This could be a very long answer, but I'll try to keep it brief.
The first thing to understand is what causes the anaemia. I'm going to refer to defective haemoglobin found in a sickle cell patient as HbS and normal haemoglobin as HbA. Under certain circumstances (low O2 concentrations) the HbS protein is prone to aggregating into long filaments. Here is an image of a lysed erythrocyte releasing some of these filaments.
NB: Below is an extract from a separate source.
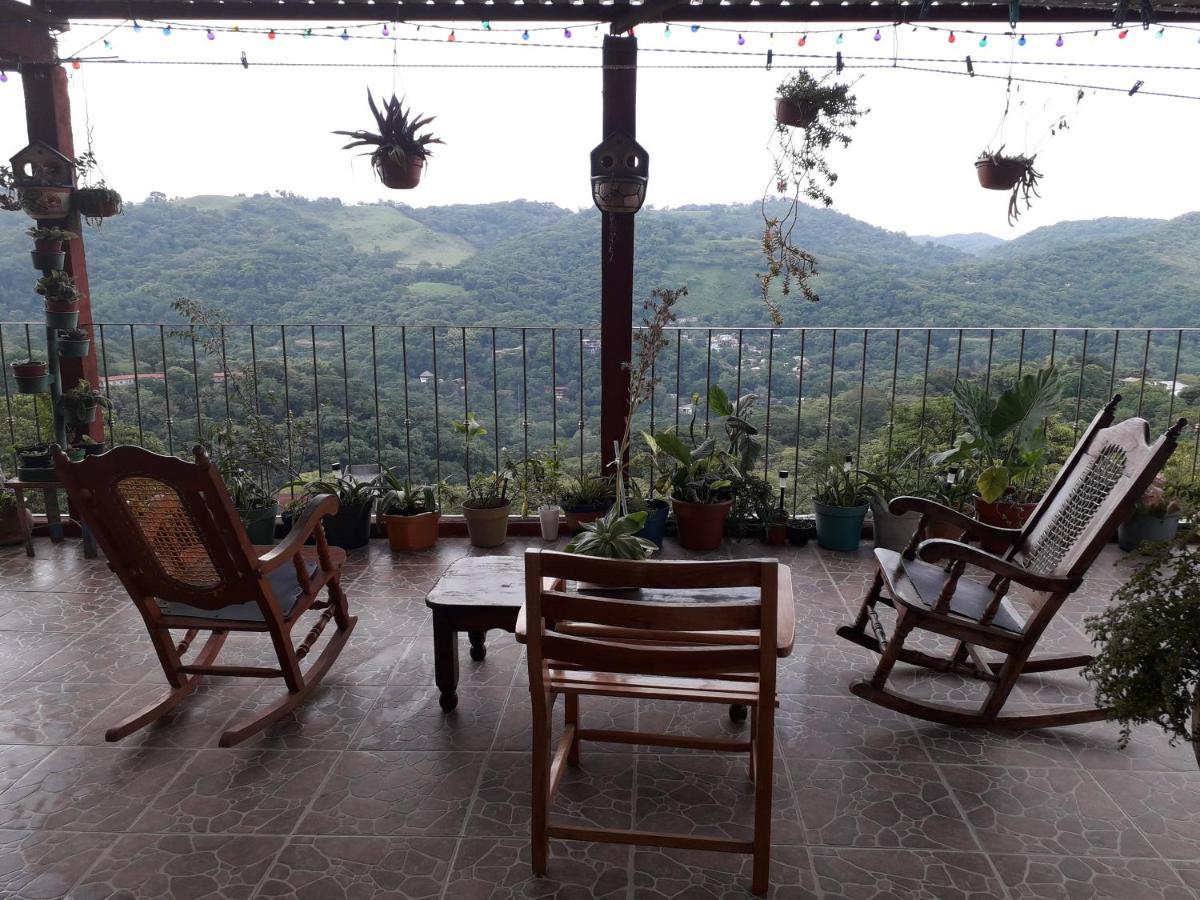 Posada "Inkali" Xilitla Luaran gambar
The presence of these filaments in the erythrocytes causes them to become misshapen (sickle-shaped) and this in turn causes them to get filtered out for destruction in the spleen which is continuously monitoring for defective erythrocytes (which could cause blockages in the circulation). This causes the anaemia (specifically a haemolytic anaemia, due to erythrocyte destruction, and nothing to do with a lack of iron).
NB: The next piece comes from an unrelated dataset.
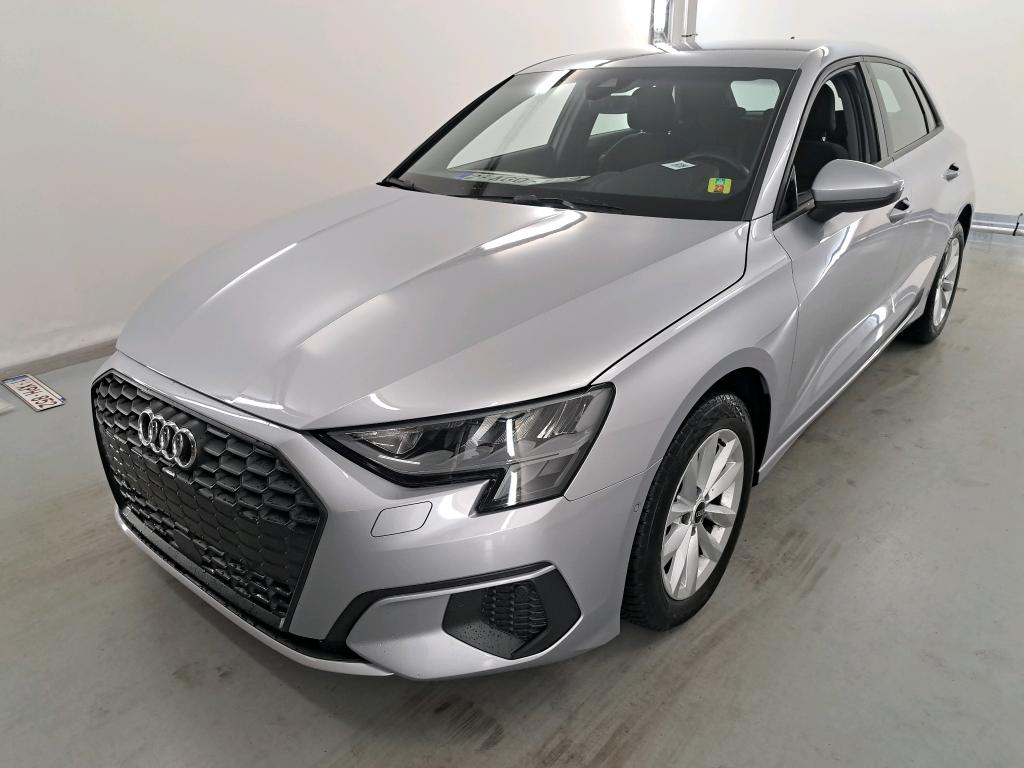 Audi A3 SPORTBACK 2.0 30 TDI 85KW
The appearance of the ability to form filaments is due to a single Glu>Val mutation in the two β subunits of the haemoglobin tetramer. The new amino acid can fit into a pre-existing hydrophobic pocket on the surface of another subunit and so the molecules can daisy-chain to form the filaments.
The normal HbA can also bind on to a growing filament (it has the binding pocket) but that terminates the filament (because HbA doesn't have the Val residue). In this way people with sickle cell trait are protected from the anaemia by their normal haemoglobin.